RECORDS PROVIDED:
== Segment start ==
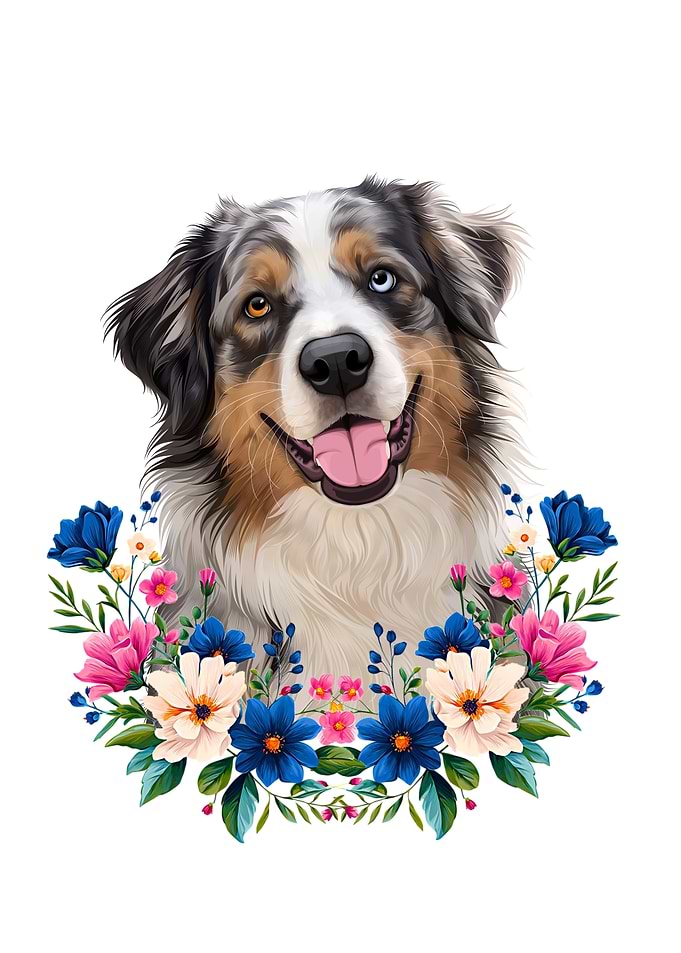 Australian Shepherd Portrait with Floral Wreath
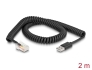 90602 Delock Kabel spiralny RJ50 na USB 2.0 Typu-A 2 m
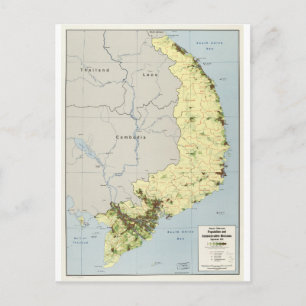 South Vietnam Map September 1972 Postcard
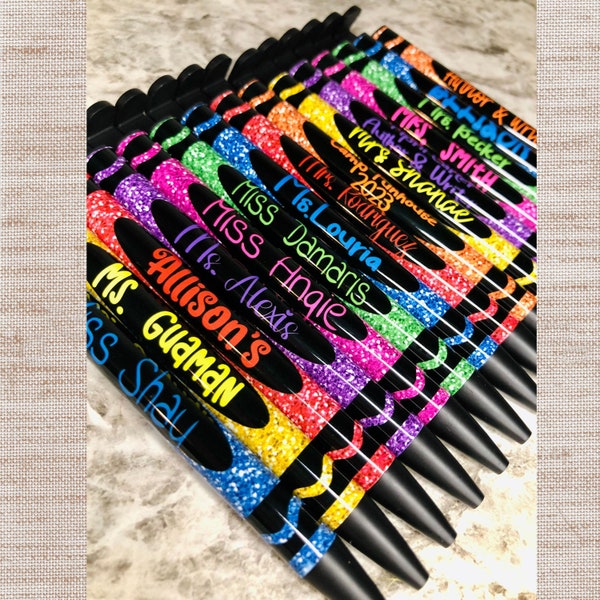 First Day of School Teacher Gift, Bus Driver Gift, Personalized Pens, Crayon Pens, Teacher Pens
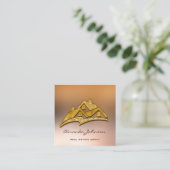 Benutzerdefiniertes Logo House Real Anwesen Agent Quadratische Visitenkarte (Stehend Vorderseite)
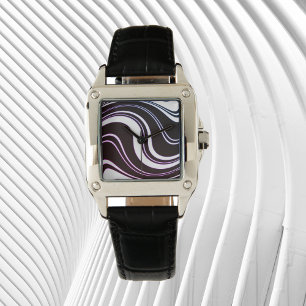 Black and white retro waves watch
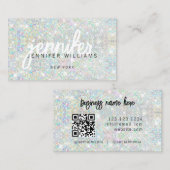 QR Code Elegant Holographic Glitter Beauty 名刺 (正面/裏面)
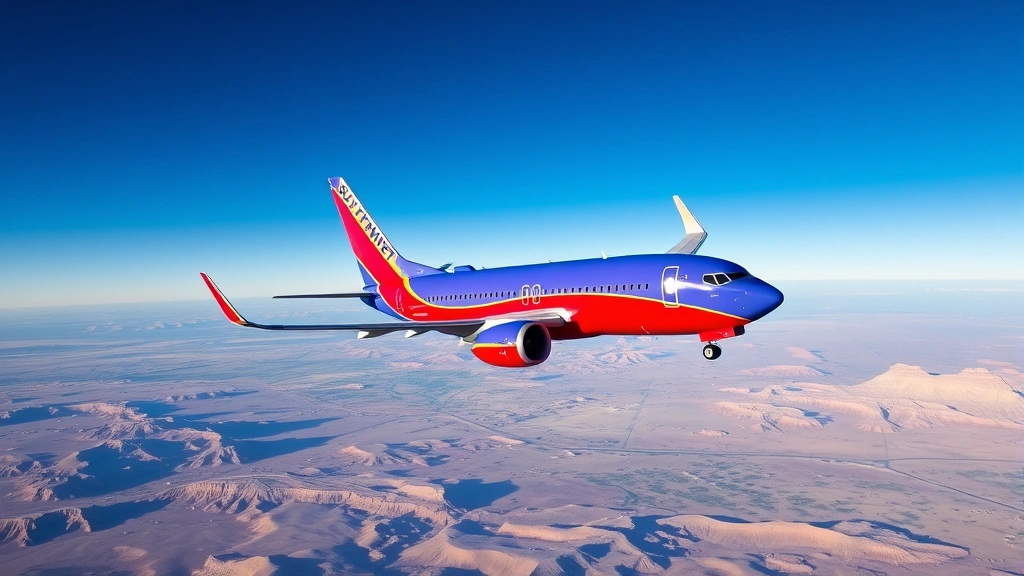 Southwest Airlines Boeing 737 aircraft in flight over desert landscape between Los Angeles and Chicago, blue sky, photorealistic aviation photography showing side profile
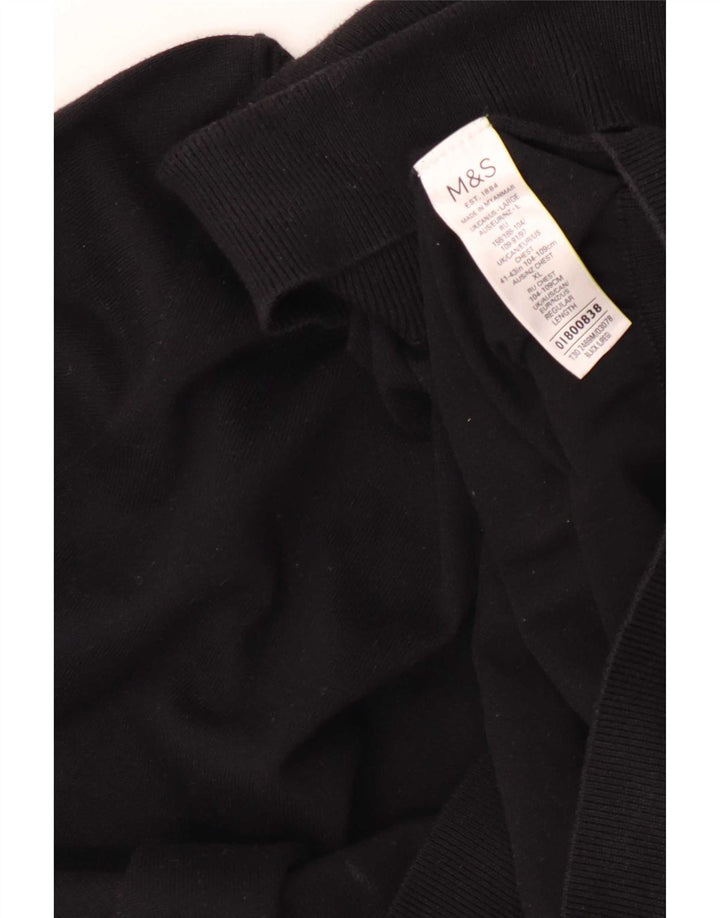 Pulover pentru bărbați Marks & Spencer cu gât rulat, mare, negru, bumbac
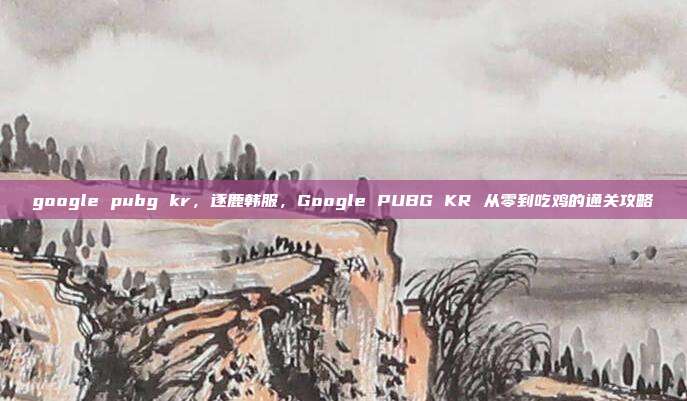 google pubg kr,逐鹿韩服,Google PUBG KR 从零到吃鸡的通关攻略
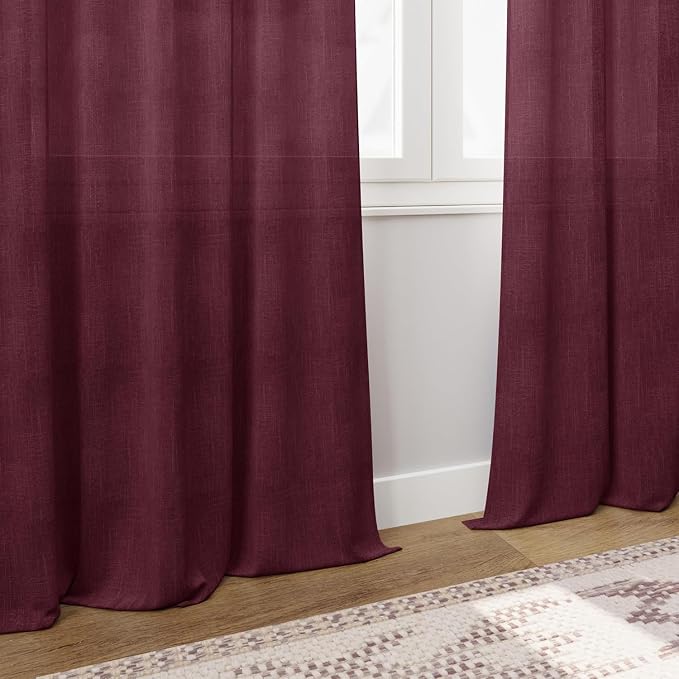 Nanspring Burgundy Linen Curtains 132 Inch Length - Image 5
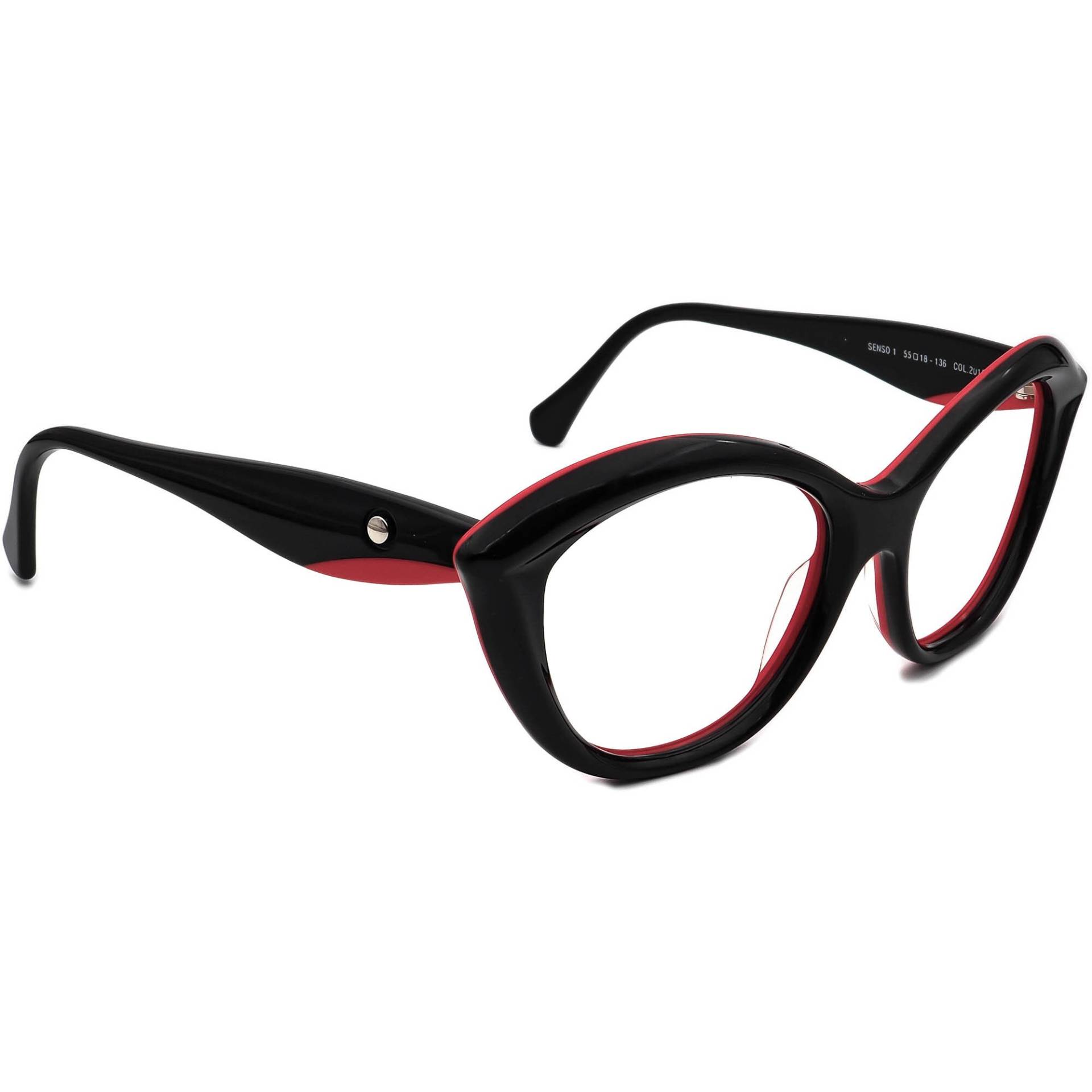 Face A Sunglasses Frame Only Senso 1 Col.2015 Black&red Cat Eye Italy 55 Mm von AfsharOptics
== Segment end ==
TRY IT: Return exactly the lines above, from the one with "Black and white retro waves watch" up to and including the one with "google pubg kr,逐鹿韩服,Google", and include no pictures.

SOLUTION TO THIS TASK:
 Black and white retro waves watch
 QR Code Elegant Holographic Glitter Beauty 名刺 (正面/裏面)
 Southwest Airlines Boeing 737 aircraft in flight over desert landscape between Los Angeles and Chicago, blue sky, photorealistic aviation photography showing side profile
 Pulover pentru bărbați Marks & Spencer cu gât rulat, mare, negru, bumbac
 google pubg kr,逐鹿韩服,Google PUBG KR 从零到吃鸡的通关攻略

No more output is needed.